• WHAT IS REQUIRED: Return each line of the records below in which the string "Samsung" turns up.

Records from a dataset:

-------

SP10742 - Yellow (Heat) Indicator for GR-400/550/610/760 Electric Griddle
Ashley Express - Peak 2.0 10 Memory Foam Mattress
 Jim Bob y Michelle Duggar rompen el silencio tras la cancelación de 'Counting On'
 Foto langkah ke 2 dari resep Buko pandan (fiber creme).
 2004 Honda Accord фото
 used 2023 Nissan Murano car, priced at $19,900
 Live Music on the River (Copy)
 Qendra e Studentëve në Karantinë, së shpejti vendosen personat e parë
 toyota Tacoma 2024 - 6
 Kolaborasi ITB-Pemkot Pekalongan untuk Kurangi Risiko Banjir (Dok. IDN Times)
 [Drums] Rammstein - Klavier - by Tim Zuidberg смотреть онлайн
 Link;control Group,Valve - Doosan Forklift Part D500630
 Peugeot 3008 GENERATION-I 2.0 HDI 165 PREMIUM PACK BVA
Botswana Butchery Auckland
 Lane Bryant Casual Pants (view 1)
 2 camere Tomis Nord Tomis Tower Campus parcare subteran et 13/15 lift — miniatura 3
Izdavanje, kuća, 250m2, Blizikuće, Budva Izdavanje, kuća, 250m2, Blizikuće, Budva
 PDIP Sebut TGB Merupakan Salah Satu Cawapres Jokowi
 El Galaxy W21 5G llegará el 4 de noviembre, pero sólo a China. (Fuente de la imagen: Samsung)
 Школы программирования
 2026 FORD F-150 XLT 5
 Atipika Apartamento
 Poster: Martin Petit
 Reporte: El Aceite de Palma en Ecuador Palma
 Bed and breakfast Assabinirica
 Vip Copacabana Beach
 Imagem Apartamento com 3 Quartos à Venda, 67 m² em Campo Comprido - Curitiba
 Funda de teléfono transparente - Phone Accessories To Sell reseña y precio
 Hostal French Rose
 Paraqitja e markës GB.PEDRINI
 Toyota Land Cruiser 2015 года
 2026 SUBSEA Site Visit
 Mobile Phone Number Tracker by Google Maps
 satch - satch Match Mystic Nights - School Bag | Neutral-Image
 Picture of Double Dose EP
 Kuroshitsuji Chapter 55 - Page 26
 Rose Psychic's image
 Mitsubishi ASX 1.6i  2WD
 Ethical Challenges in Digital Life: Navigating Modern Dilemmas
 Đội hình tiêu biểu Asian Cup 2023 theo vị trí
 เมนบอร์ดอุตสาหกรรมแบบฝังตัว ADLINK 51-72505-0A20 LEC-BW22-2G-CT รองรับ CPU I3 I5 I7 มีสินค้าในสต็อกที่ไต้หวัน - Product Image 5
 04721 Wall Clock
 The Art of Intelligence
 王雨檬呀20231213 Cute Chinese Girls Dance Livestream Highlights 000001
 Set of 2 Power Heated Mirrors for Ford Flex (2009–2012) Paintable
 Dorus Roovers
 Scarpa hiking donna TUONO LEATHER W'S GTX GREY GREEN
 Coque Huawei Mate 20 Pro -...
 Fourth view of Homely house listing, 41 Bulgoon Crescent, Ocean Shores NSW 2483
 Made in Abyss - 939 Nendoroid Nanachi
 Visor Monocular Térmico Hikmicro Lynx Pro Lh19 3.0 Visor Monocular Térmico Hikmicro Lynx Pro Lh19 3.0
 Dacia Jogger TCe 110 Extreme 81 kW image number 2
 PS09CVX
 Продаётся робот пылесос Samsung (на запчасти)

-------

• TASK RESULT:
 El Galaxy W21 5G llegará el 4 de noviembre, pero sólo a China. (Fuente de la imagen: Samsung)
 Продаётся робот пылесос Samsung (на запчасти)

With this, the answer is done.